*** Opening TASK DATA ***
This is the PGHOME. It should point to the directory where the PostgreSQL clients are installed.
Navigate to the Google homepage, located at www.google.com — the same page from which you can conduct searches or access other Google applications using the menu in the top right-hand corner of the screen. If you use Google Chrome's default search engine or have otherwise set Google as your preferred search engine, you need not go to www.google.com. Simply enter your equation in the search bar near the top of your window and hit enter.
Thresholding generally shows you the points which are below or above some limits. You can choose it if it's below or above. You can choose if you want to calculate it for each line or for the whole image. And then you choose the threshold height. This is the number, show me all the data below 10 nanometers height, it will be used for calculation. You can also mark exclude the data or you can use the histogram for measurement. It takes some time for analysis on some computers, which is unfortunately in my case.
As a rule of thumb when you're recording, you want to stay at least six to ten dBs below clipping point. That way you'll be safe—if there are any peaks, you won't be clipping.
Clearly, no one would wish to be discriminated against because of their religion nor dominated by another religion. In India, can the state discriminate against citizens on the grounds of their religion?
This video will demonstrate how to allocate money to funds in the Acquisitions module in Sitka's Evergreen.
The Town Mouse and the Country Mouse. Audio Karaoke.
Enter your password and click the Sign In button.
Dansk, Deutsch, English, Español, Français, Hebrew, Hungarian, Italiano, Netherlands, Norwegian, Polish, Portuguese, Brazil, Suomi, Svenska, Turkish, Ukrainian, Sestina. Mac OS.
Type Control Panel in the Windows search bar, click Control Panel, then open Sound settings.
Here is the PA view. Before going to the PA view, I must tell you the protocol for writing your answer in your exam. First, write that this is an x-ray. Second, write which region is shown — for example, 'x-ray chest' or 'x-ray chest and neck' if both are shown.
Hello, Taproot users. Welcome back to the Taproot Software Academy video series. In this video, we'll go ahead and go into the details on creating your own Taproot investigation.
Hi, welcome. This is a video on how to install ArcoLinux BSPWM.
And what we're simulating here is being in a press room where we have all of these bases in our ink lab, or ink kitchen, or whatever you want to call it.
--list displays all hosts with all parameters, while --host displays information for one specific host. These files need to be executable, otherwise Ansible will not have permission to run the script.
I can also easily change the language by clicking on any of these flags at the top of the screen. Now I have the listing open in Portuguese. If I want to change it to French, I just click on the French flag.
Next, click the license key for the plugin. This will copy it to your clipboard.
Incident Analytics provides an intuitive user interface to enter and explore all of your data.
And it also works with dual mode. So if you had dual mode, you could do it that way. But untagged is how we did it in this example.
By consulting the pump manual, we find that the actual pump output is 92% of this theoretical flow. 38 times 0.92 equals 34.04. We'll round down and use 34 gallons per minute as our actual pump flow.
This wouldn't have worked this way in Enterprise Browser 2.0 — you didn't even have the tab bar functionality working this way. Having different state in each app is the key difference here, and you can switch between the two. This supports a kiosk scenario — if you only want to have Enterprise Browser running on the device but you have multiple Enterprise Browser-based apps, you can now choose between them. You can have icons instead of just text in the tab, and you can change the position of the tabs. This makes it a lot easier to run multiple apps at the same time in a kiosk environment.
*** Closing TASK DATA ***
Taking the material above, extract exactly and only the lines from the line with "Hello, Taproot users." to the line with "And what we're", inclusive of both.

*YOUR RESPONSE:*
Hello, Taproot users. Welcome back to the Taproot Software Academy video series. In this video, we'll go ahead and go into the details on creating your own Taproot investigation.
Hi, welcome. This is a video on how to install ArcoLinux BSPWM.
And what we're simulating here is being in a press room where we have all of these bases in our ink lab, or ink kitchen, or whatever you want to call it.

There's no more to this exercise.